Tuning Slide: Meditating on Musicians and Music

Weekly Reflections on Life and Music
Without heroes, we're all plain people 
and don't know how far we can go.
-Bernard Malamud

I am going to take a side journey away from the trumpet alone on the Tuning Slide this week. A number of times over these weeks I have talked about who we listen to and who we surround ourselves with as important parts of our lives as musicians. As a result we often develop strong emotional connections with famous musicians we have never met.

I have spent a great deal of time in the past two weeks reflecting on the role of music and top musicians in my world. It was kicked off by the sudden death of the pop superstar, Prince. But it is something that has been raised countless times over the years whenever one of our great musicians dies. We have had our share already this year of the loss of these greats, Prince being the latest and, sadly, not the last.

We often call these people like Prince "icons." A definition of icon can be:
A person or thing regarded as a representative symbol of something
Someone who is venerated or idolized.
For better or worse, many of these musicians we uphold as heroes and icons are people we "idolize." Many of the "greats" do also inspire us and can lead us to greater things. As musicians we have the heroes of our own instruments that we love to emulate. I still get joy as I continue to work on Al Hirt's "Java" or play Herb Alpert's "Spanish Flea" in the big band. These spur me to play my best along with transcribing or just plain listening to some of the great solos of trumpet history.

Another piece of the musicians we hold as "icons" can be our part in the greater culture around us. These are the musicians who were the soundtrack for our lives at particular times and places. The most deeply ingrained are those whose music connects with strong and emotional memories. We "grew up" to that music. It is "our music." No one can ever take that away- it is imprinted in our memory. The way memory works, it is also directly linked to people, places, feelings. The opening vamp on the Four Tops "Reach Out I'll Be There" instantly transports me back to the radio station my freshman year at college. I can see it, smell it, react to is as if I were sitting there.

Which is why the death of a Prince, Merle Haggard, or David Bowie hits so close to home. The many ways people remember Prince are as much about ourselves as they are about Prince's musicianship, though naturally he wouldn't have had the cultural impact if he wasn't so talented.

This struck me when I stopped by Paisley Park in Chanhassen last week. One of the items left as a memorial was a baseball hat from an Iraq War veteran. Perhaps Prince's music carried him through his time in Iraq. Maybe it was the only way he remained connected with home and hope at difficult times. I don't know, but just seeing it there was a powerful spiritual moment, connecting this time and place with others. I was humbled by that.

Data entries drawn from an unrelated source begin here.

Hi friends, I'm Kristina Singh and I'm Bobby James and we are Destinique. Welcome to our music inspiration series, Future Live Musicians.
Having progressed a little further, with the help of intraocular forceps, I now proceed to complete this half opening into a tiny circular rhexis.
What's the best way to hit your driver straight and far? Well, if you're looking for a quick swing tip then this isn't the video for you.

Which brings me around to you and me- musicians ourselves. Someone reading this may one day be of the stature of an important musician impacting the greater culture. Most of us will not. We will play our music to keep our lives connected to this force we call music. It will be how we maintain our balance and discover new ways to express ourselves.

But- and this is important- we may never be "icons" but we will continue to have an impact on those for whom we play. Music, overall, is a spiritual language that connects us to our audiences. It is a conduit for getting in touch with something far greater than ourselves that is at the heart of human experience. No, I don't believe I am overstating this. We have all had it happen to us when listening to music- and when playing or performing music.

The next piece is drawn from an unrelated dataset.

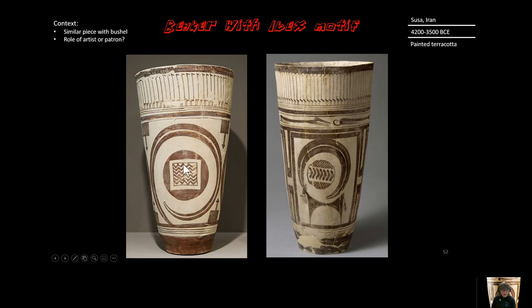Here is one that is not in our set, but in an attribution essay you might be given this picture and have to say what it's like — and you'd recognize it as similar to our beaker with the ibex motif. It's practically identical, though this one has reclining dogs on it. This shows that the three-register design is a commonality in early Susa culture, and artists make choices about how they represent the Saluki dogs, egrets, and ibex. Patrons who pay for the work may also influence the artist's choices.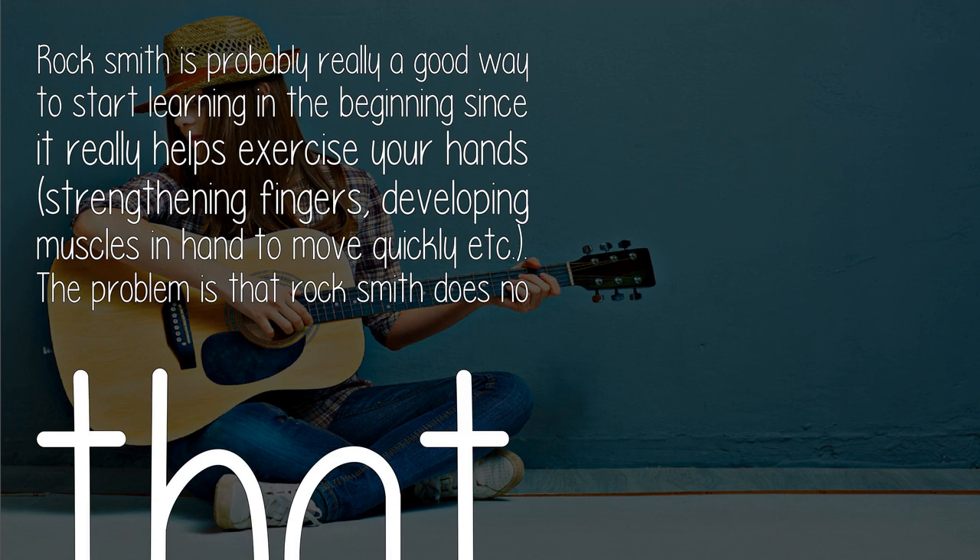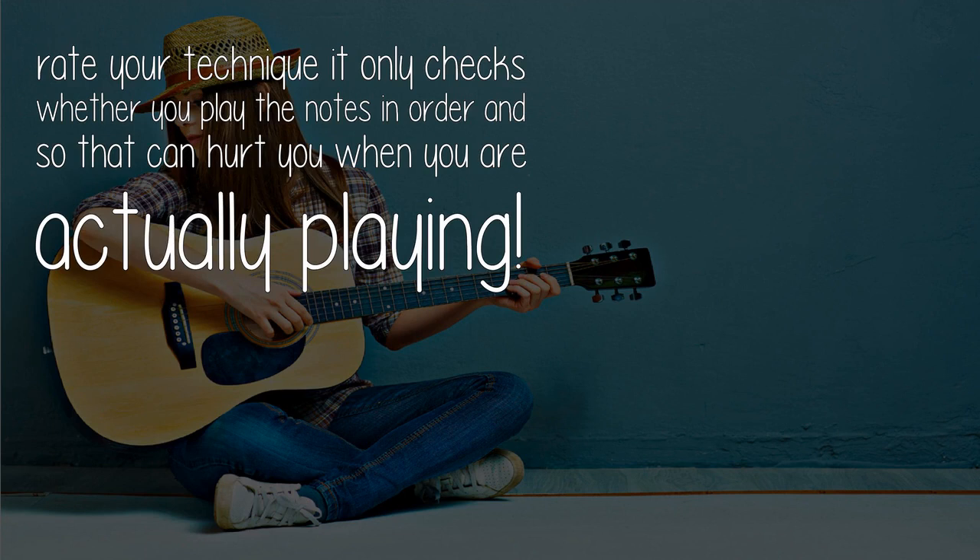The problem is that Rocksmith doesn't rate your technique — it only checks whether you play the notes in order, and that can hurt you when you are actually playing.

One of the big bands I play with regularly plays at senior living facilities in the area. The joy on people's faces is priceless. Seeing a person who barely moves, tap a foot ever so subtly to the beat is why it is important. Our band, at that moment, is as important to that person's life as Prince was to many other lives.

That is why we do what we do as musicians. We are, in countless and unknown ways, opening the window for the possibility of the spiritual entering our presence.

When speaking of religious icons a definition I remember from a TV series many years ago was
something or someone that opens a vision of God or the spiritual.
We can be that icon for others through our music. Music, of course, is not the only way this happens, but it is one of the ways we as musicians can participate in the expansion of the spiritual in the world. It is at that point that we move beyond ourselves into the flowing of that which is greater than us and sharing it around us.

I am honored and humbled to be able to do that.